NENEK MOYANG adalah tema kedua saya dalam proyek #31harimenulis. Saya penasaran dengan identitas nenek moyang saya. Lalu, saya bersama teman saya yang enggan disebut namanya, mulai berpetualang untuk mencari fakta-fakta tersembunyi tentang nenek moyang saya. Dimulailah petualangan saya bersama teman saya yang enggan disebut namanya ke Pulau Tubby. Kami lalu bertemu duo musikal THE CAMENERS, yang terdiri dari Monster Panu dan Siluman Doraemon. Mereka berdua disinyalir mengetahui identitas nenek moyang saya. Selama LIMA HARI KEDEPAN (terhitung 12/5) saya akan memposting mengenai obrolan-obrolan saya dengan THE CAMENERS. Untuk mengetahui lebih lanjut mengapa saya mencari nenek moyang saya, bisa dibaca DISINI. Selamat menikmati! Salam THE CAMENERS! 🙂
“Coba tebak, apa yang paling sulit dari berusaha mencapai cita-cita?” Pertanyaan Monster Panu mengagetkan saya.
Saya pun bingung menjawabnya. Saking bingungnya, saya menyikut tangan teman saya yang enggan disebutkan namanya. Si teman yang sedang asik makan ubi bakar pun langsung gelagapan. Kami sama-sama bingung.
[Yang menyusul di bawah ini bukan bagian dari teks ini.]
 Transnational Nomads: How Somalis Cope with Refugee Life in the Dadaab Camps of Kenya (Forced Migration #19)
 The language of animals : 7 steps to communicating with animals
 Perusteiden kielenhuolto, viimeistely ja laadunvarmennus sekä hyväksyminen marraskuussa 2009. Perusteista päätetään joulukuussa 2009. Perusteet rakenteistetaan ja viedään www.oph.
“Ng.. apa ya… mungkin langkah pertama untuk melakukannya? Maksudku, kalau kita udah punya mimpi atau keinginan, yang diperlukan hanya langkah pertamanya, kan?” jawabku.
Si teman yang enggan disebutkan namanya menimpali, “Iya, biasanya kalau langkah pertama sudah diambil,, langkah-langkah berikutnya akan begitu saja menghampiri.”
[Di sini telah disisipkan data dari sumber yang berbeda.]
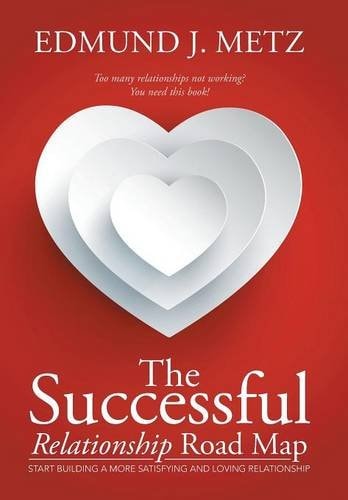 The Successful Relationship Road Map Start Building a More Satisfying and Loving Relationship
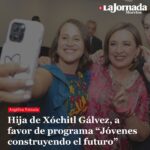 Hija de Xóchitl Gálvez, a favor de programa “Jóvenes construyendo el futuro”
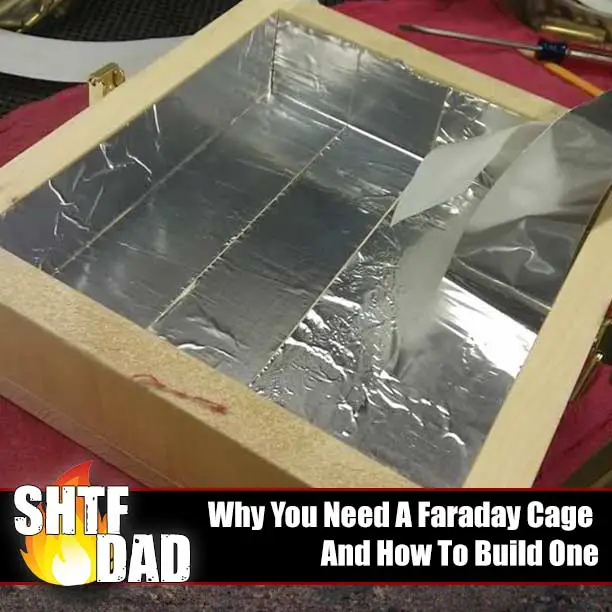 Why You Need A Faraday Cage And How To Build One - SHTF DAD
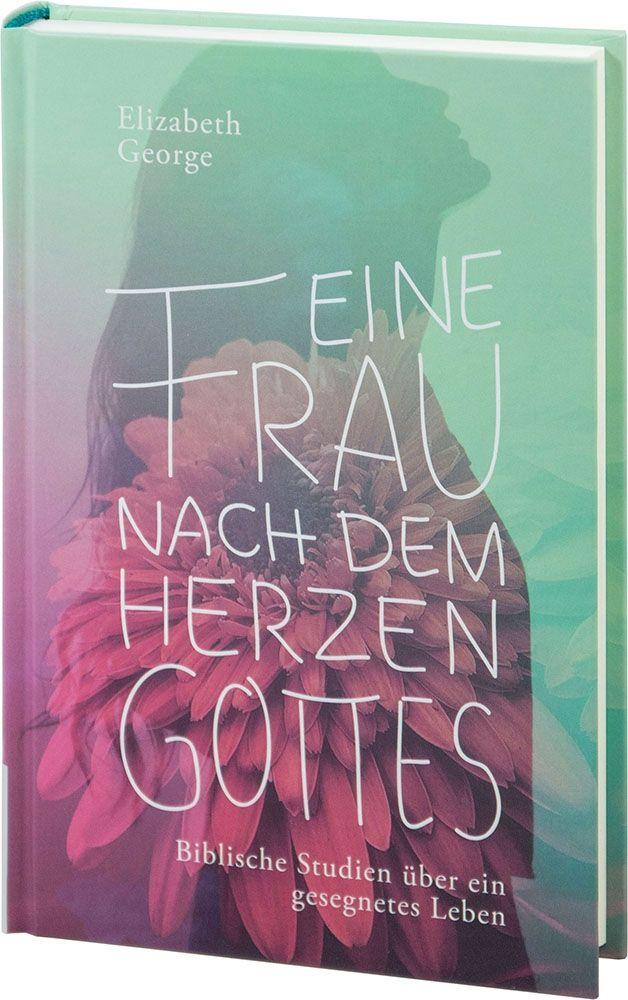 Eine Frau nach dem Herzen Gottes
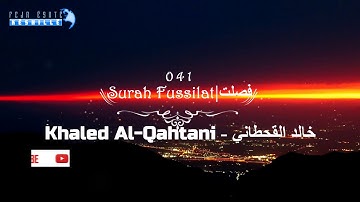 041 Surah Fussilat | Khaled Al Qahtani - خالد القحطاني - سورة فصلت|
Monster Panu menatap kami bergantian. “Yup, itu bisa jadi salah satunya.”
“Tapi kadang bukan langkah pertama lho yang susah dijalankan,” sela Siluman Doraemon. Ia lalu menghampiri kami dan ikut duduk melingkar seperti yang biasanya kami lakukan di sore hari seperti ini. “Kalau menurutku, yang paling berbahaya adalah mengendapkan impianmu itu. Terlalu lama diendapkan itu tidak baik. Beruntung, kalau niat kamu besar dan ingin melanjutkannya lagi. Tapi kalau tidak? Impianmu itu hanya akan tertutup dengan impian-impian lain yang kamu miliki. Hasilnya, kamu nggak akan mendapatkan impian-impian sesuai dengan yang telah kamu rencanakan.”
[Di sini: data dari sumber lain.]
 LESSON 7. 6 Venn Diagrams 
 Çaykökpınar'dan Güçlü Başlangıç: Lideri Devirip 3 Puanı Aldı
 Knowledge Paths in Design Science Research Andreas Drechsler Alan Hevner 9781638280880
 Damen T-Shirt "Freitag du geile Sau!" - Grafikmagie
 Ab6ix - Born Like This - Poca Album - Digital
“Maksudmu seperti berjalan ditempat?” tanya si teman yang enggan disebutkan namanya.
Siluman Doraemon mengangguk. “Yup. Jalan ditempat merupakan proses yang menjemukan. Kita tetap bergerak, tapi tidak maju. Capeknya dapet, penantiannya dapet, kekecewaannya juga dapet.”
“Tapi bukankah dalam sebuah proses kita juga perlu beristirahat?” tanya saya.
“Ya, tapi bukan istirahat yang membuat kita capek” jawab Monster Panu.
Kami pun diam. Sisa sore itu kami habiskan dengan saling diam. Meresapi perkataan dua mahluk asing itu yang langsung menghujam pemikiran kami berdua.
Merekapun bernyanyi, tetap dengan suaranya yang fals dan sangat jelek biasa saja.
***
“Nenek moyangmu adalah salah satu orang yang berhasil mencapai cita-citanya. Ia merupakan gabungan dari bakat dan usaha. Usahanya, tidak lepas dari proses jalan di tempat. Tapi ia berhasil melalui itu semua.” ungkap Monster Panu.
“Apa maksudmu?” tanyaku makin penasaran.
Siluman Doraemon lalu merogoh kantong ajaibnya dan mengeluarkan satu buku besar. Buku itu tampak begitu tua. Buku itu terdiri dari kertas tebal yang kuduga dibuat dari dedaunan hutan, yang dijilid dengan ranting-rating pohon yang tipis, tapi kuat.
“Baca ini.” Siluman Doraemon menyodorkan buku itu kepadaku.
Dan aku tak percaya telah menemukan satu fakta baru lagi!